Miami Heat and the Beauty of Basketball



When you have Superstars that buy in to the team concept, you get a dominating force
Do yourself a favor and watch as much of the Miami Heat team as possible.  No, this post isn’t really about the Heat 27-game win streak, or its demise to Chicago.  It is about how great this team played, and how historically efficient they have been recently.  It’s about the fact that their three best players are shooting the best field goal percentages in their respective careers. It’s about two top 5 players displaying some of the best chemistry between teammates we have ever seen.  It’s about their “3rd wheel” being insanely unselfish and accepting his role as star, and not pursuing the “Superstar” label that his talent belies.  Yes, this post is just about enjoying the beauty of the sport that Naismith created all those years ago.

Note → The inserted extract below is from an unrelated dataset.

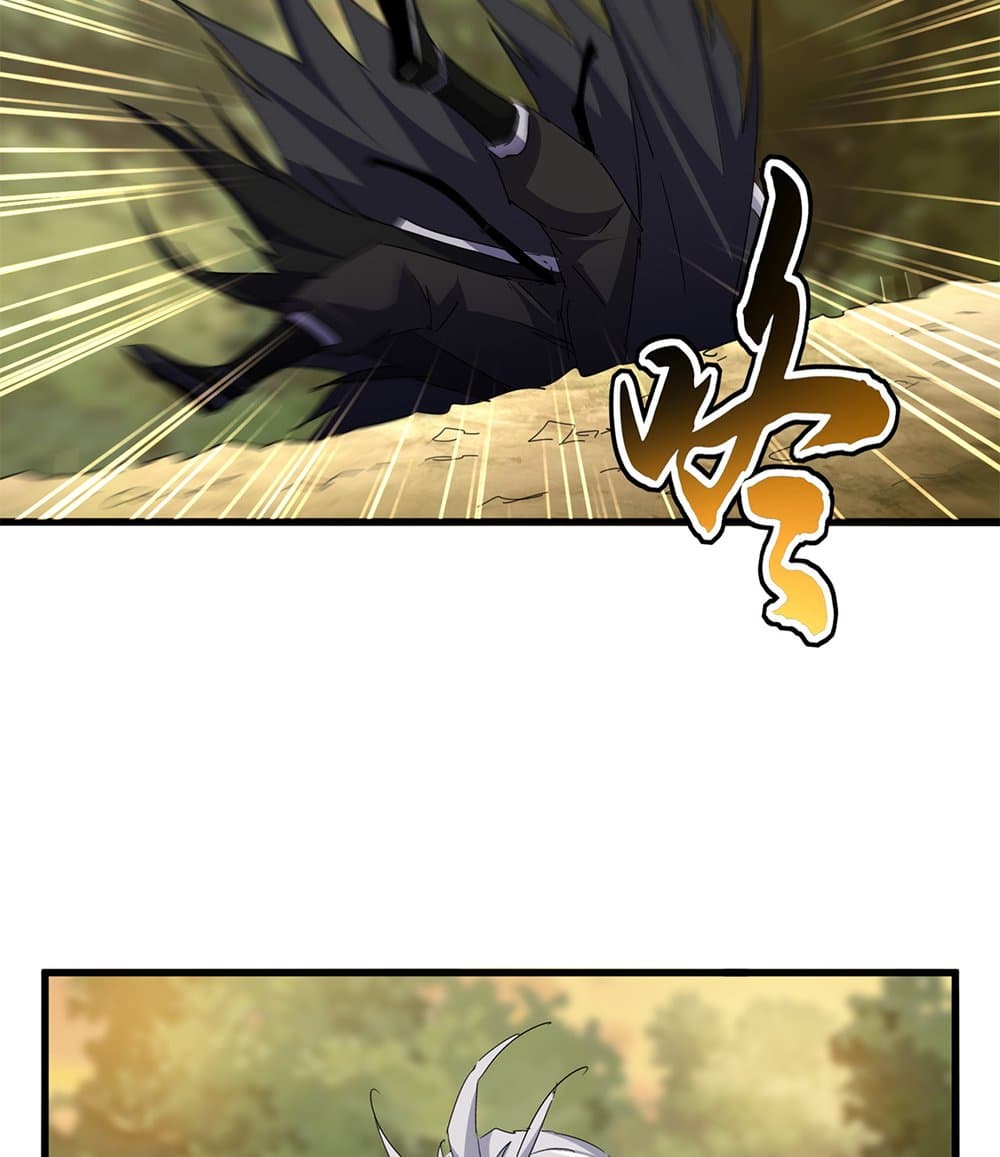 Magic Emperor ราชาจอมเวทย์ ตอนที่ 710 หน้า 52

You can learn a ton about offensive spacing, interior passing, and defensive rotations watching the Heat play.  When Erik Spoelstra implemented a new philosophy on offense based on the Oregon Ducksfootball offensive tenets, I was beyond skeptical.  The Heat had just come off their epic collapse against the Dallas Mavericks in which their offense (despite having three of the top 18 players in the League) primarily consisted of a high number of isos, and some drive and kick plays.  Spoelstra recognized the severe limitations of his team’s offense and decided to change it.  To Spoelstra’s credit, implementing a new scheme meant giving up some play-calling duties and allowing the players to be more instinctual.  It also meant more off-ball movement.

Moving without the ball is a fundamental part of the game.  Getting in better position to receive a pass, stretching out the defense with positioning, and balancing the floor are all goals attained through effective movement away from the ball.  Moving without the ball is also a skill that star players don’t display a ton.  Usually star players have the ball in their hands and exploit the matchup advantage every night to create for themselves and their team.  With three star players, each had to more regularly practice moving without the ball.  Now LeBron and Wade’s cuts to the basket are like cleavers to defenses around the league.

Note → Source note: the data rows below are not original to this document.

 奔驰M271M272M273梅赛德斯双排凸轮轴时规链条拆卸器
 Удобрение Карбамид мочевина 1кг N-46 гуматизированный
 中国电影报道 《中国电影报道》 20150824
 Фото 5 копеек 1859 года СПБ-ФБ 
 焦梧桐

The Miami Heat Defense is suffocating and leads to turnovers and opponent frustration


Defensively, the Heat are constructed differently from almost any Championship team that I can recall (they vaguely remind me of the Bulls team that won the last two of Michael Jordan’s titles with Ron Harper, MJ, Scottie Pippen, and Rodman).  They have several players that guard multiple positions.  LeBron, Bosh, Battier, Wade, and Chris “Birdman” Anderson are all strong and laterally quick enough to guard different guys on the same possession.  That means that when teams use the Pick and Roll, the staple of every NBA team offensive set, switching is rarely a problem.  More to the point, when offenses get their defense moving and rotating (a position that every defense becomes vulnerable in) they don’t panic because all the players move well enough to close out and cut down on genuinely open looks.  Even their Bigs play perimeter players well when  they are forced to switch (HoopChalk does a MASTERFUL job of breaking down the Pickand Roll switch with big men and challenges a long held belief about the mismatch).

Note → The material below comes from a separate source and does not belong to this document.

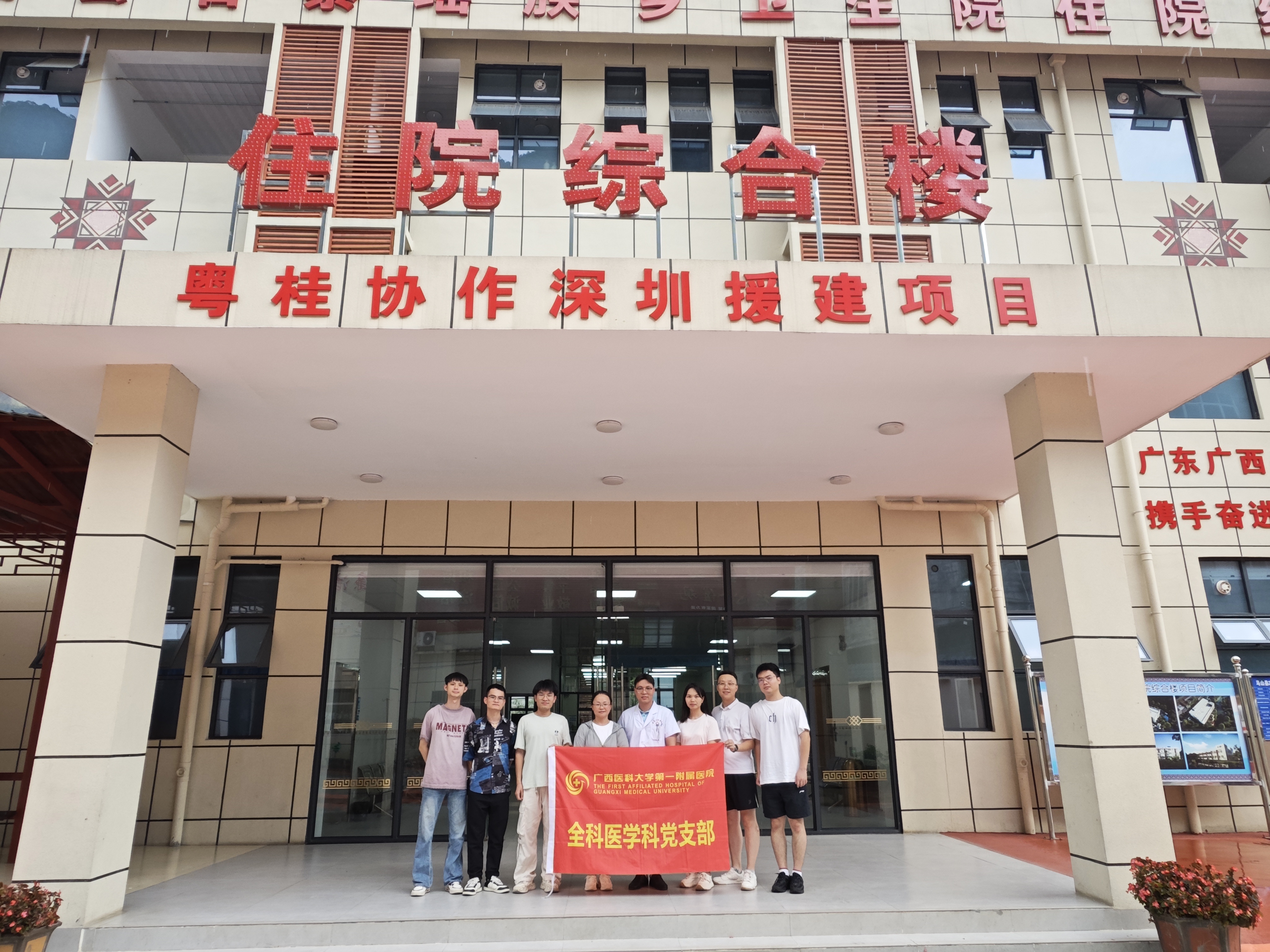 微信图片_2025-07-21_184448_400 微信图片_2025-07-21_184448_400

This post isn’t about the Heat coming up 6 games short of matching the 1971-72 Lakers’ win streak.  In reality, the fact that they won as many as they did puts them in a great historical context.  That said, even if they had broken the record and lost the NBA Championship it would be a lost season.  This is just about enjoying a well-constructed team full of Hall-of-Famers.  After the 2013-14 season the team holds early termination rights for the Big 3 and with the punitive salary cap looming, there may be time running out on watching these artists perform together. For posterity’s sake, get in front of a TV for as many of Miami’s games as you can.  I know I will.